◆ INPUT DATA

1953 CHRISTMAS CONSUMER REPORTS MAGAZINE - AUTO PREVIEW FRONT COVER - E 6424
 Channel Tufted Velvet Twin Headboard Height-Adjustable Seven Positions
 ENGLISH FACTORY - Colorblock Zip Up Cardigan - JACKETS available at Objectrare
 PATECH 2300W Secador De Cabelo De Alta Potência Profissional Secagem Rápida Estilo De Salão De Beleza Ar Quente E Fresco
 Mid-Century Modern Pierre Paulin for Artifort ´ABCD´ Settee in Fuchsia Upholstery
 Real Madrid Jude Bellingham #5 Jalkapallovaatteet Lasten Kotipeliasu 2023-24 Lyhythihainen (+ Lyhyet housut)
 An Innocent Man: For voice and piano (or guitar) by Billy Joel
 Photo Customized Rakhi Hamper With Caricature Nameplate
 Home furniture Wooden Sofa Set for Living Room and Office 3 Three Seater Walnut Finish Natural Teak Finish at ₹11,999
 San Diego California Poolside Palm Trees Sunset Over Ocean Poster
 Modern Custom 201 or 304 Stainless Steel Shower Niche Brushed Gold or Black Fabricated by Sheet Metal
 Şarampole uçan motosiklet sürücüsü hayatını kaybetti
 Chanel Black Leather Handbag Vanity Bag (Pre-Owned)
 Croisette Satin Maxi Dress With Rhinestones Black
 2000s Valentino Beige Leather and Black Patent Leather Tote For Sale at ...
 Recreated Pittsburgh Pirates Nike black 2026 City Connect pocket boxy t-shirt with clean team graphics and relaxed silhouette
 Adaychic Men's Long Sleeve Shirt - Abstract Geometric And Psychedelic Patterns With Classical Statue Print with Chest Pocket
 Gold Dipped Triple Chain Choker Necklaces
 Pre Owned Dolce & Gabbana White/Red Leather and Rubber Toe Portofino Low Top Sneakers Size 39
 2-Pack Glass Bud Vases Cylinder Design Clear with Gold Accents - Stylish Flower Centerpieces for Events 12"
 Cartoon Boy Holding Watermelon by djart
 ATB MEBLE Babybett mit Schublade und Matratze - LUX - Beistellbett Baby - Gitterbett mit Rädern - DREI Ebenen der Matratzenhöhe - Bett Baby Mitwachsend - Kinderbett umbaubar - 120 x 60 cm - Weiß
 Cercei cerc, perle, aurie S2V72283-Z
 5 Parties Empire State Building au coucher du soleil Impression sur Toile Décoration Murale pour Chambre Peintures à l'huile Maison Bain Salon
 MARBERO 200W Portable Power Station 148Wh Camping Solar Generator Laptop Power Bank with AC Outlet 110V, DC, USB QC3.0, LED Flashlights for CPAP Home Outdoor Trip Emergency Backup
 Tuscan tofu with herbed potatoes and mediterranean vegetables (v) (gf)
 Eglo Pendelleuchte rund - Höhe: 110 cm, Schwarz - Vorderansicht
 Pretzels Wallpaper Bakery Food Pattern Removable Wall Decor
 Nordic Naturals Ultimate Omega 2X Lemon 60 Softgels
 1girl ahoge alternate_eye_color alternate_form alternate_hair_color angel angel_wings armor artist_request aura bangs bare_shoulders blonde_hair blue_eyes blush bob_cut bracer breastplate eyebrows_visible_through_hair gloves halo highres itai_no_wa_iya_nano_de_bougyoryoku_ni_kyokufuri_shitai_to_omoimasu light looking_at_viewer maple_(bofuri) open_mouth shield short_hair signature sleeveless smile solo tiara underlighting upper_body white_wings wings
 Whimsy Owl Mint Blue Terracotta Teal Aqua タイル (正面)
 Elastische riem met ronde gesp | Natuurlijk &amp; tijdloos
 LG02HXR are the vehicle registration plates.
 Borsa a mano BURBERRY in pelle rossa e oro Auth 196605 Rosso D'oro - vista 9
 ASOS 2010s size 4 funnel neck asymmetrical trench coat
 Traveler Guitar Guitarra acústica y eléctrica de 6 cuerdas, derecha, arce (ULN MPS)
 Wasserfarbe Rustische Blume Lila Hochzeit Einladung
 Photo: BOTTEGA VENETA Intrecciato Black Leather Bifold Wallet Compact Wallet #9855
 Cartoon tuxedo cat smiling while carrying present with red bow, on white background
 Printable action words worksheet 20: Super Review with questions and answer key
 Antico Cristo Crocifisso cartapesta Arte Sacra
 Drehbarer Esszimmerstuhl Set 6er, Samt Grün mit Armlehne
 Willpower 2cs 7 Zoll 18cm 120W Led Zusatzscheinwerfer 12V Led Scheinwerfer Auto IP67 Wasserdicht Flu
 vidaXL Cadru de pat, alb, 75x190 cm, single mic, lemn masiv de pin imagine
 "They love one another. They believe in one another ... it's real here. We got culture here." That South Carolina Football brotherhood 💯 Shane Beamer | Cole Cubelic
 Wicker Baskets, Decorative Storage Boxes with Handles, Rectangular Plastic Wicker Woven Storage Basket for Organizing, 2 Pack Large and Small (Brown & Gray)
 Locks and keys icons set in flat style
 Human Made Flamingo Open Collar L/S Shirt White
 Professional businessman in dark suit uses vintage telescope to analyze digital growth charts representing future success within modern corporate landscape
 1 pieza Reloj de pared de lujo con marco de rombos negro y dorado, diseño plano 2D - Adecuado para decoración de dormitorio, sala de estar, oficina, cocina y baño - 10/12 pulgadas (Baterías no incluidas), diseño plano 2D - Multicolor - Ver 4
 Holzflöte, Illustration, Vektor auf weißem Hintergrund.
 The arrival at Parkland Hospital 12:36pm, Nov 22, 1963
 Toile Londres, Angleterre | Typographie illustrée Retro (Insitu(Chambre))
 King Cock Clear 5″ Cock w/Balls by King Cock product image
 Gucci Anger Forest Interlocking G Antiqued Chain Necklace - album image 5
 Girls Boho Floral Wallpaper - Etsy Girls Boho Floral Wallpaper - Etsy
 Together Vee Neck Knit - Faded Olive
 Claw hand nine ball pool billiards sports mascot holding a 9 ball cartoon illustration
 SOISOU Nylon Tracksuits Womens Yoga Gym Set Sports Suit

◆ TRY IT
Reproduce the entries exactly as they appear.

◆ EXERCISE OUTPUT
1953 CHRISTMAS CONSUMER REPORTS MAGAZINE - AUTO PREVIEW FRONT COVER - E 6424
 Channel Tufted Velvet Twin Headboard Height-Adjustable Seven Positions
 ENGLISH FACTORY - Colorblock Zip Up Cardigan - JACKETS available at Objectrare
 PATECH 2300W Secador De Cabelo De Alta Potência Profissional Secagem Rápida Estilo De Salão De Beleza Ar Quente E Fresco
 Mid-Century Modern Pierre Paulin for Artifort ´ABCD´ Settee in Fuchsia Upholstery
 Real Madrid Jude Bellingham #5 Jalkapallovaatteet Lasten Kotipeliasu 2023-24 Lyhythihainen (+ Lyhyet housut)
 An Innocent Man: For voice and piano (or guitar) by Billy Joel
 Photo Customized Rakhi Hamper With Caricature Nameplate
 Home furniture Wooden Sofa Set for Living Room and Office 3 Three Seater Walnut Finish Natural Teak Finish at ₹11,999
 San Diego California Poolside Palm Trees Sunset Over Ocean Poster
 Modern Custom 201 or 304 Stainless Steel Shower Niche Brushed Gold or Black Fabricated by Sheet Metal
 Şarampole uçan motosiklet sürücüsü hayatını kaybetti
 Chanel Black Leather Handbag Vanity Bag (Pre-Owned)
 Croisette Satin Maxi Dress With Rhinestones Black
 2000s Valentino Beige Leather and Black Patent Leather Tote For Sale at ...
 Recreated Pittsburgh Pirates Nike black 2026 City Connect pocket boxy t-shirt with clean team graphics and relaxed silhouette
 Adaychic Men's Long Sleeve Shirt - Abstract Geometric And Psychedelic Patterns With Classical Statue Print with Chest Pocket
 Gold Dipped Triple Chain Choker Necklaces
 Pre Owned Dolce & Gabbana White/Red Leather and Rubber Toe Portofino Low Top Sneakers Size 39
 2-Pack Glass Bud Vases Cylinder Design Clear with Gold Accents - Stylish Flower Centerpieces for Events 12"
 Cartoon Boy Holding Watermelon by djart
 ATB MEBLE Babybett mit Schublade und Matratze - LUX - Beistellbett Baby - Gitterbett mit Rädern - DREI Ebenen der Matratzenhöhe - Bett Baby Mitwachsend - Kinderbett umbaubar - 120 x 60 cm - Weiß
 Cercei cerc, perle, aurie S2V72283-Z
 5 Parties Empire State Building au coucher du soleil Impression sur Toile Décoration Murale pour Chambre Peintures à l'huile Maison Bain Salon
 MARBERO 200W Portable Power Station 148Wh Camping Solar Generator Laptop Power Bank with AC Outlet 110V, DC, USB QC3.0, LED Flashlights for CPAP Home Outdoor Trip Emergency Backup
 Tuscan tofu with herbed potatoes and mediterranean vegetables (v) (gf)
 Eglo Pendelleuchte rund - Höhe: 110 cm, Schwarz - Vorderansicht
 Pretzels Wallpaper Bakery Food Pattern Removable Wall Decor
 Nordic Naturals Ultimate Omega 2X Lemon 60 Softgels
 1girl ahoge alternate_eye_color alternate_form alternate_hair_color angel angel_wings armor artist_request aura bangs bare_shoulders blonde_hair blue_eyes blush bob_cut bracer breastplate eyebrows_visible_through_hair gloves halo highres itai_no_wa_iya_nano_de_bougyoryoku_ni_kyokufuri_shitai_to_omoimasu light looking_at_viewer maple_(bofuri) open_mouth shield short_hair signature sleeveless smile solo tiara underlighting upper_body white_wings wings
 Whimsy Owl Mint Blue Terracotta Teal Aqua タイル (正面)
 Elastische riem met ronde gesp | Natuurlijk &amp; tijdloos
 LG02HXR are the vehicle registration plates.
 Borsa a mano BURBERRY in pelle rossa e oro Auth 196605 Rosso D'oro - vista 9
 ASOS 2010s size 4 funnel neck asymmetrical trench coat
 Traveler Guitar Guitarra acústica y eléctrica de 6 cuerdas, derecha, arce (ULN MPS)
 Wasserfarbe Rustische Blume Lila Hochzeit Einladung
 Photo: BOTTEGA VENETA Intrecciato Black Leather Bifold Wallet Compact Wallet #9855
 Cartoon tuxedo cat smiling while carrying present with red bow, on white background
 Printable action words worksheet 20: Super Review with questions and answer key
 Antico Cristo Crocifisso cartapesta Arte Sacra
 Drehbarer Esszimmerstuhl Set 6er, Samt Grün mit Armlehne
 Willpower 2cs 7 Zoll 18cm 120W Led Zusatzscheinwerfer 12V Led Scheinwerfer Auto IP67 Wasserdicht Flu
 vidaXL Cadru de pat, alb, 75x190 cm, single mic, lemn masiv de pin imagine
 "They love one another. They believe in one another ... it's real here. We got culture here." That South Carolina Football brotherhood 💯 Shane Beamer | Cole Cubelic
 Wicker Baskets, Decorative Storage Boxes with Handles, Rectangular Plastic Wicker Woven Storage Basket for Organizing, 2 Pack Large and Small (Brown & Gray)
 Locks and keys icons set in flat style
 Human Made Flamingo Open Collar L/S Shirt White
 Professional businessman in dark suit uses vintage telescope to analyze digital growth charts representing future success within modern corporate landscape
 1 pieza Reloj de pared de lujo con marco de rombos negro y dorado, diseño plano 2D - Adecuado para decoración de dormitorio, sala de estar, oficina, cocina y baño - 10/12 pulgadas (Baterías no incluidas), diseño plano 2D - Multicolor - Ver 4
 Holzflöte, Illustration, Vektor auf weißem Hintergrund.
 The arrival at Parkland Hospital 12:36pm, Nov 22, 1963
 Toile Londres, Angleterre | Typographie illustrée Retro (Insitu(Chambre))
 King Cock Clear 5″ Cock w/Balls by King Cock product image
 Gucci Anger Forest Interlocking G Antiqued Chain Necklace - album image 5
 Girls Boho Floral Wallpaper - Etsy Girls Boho Floral Wallpaper - Etsy
 Together Vee Neck Knit - Faded Olive
 Claw hand nine ball pool billiards sports mascot holding a 9 ball cartoon illustration
 SOISOU Nylon Tracksuits Womens Yoga Gym Set Sports Suit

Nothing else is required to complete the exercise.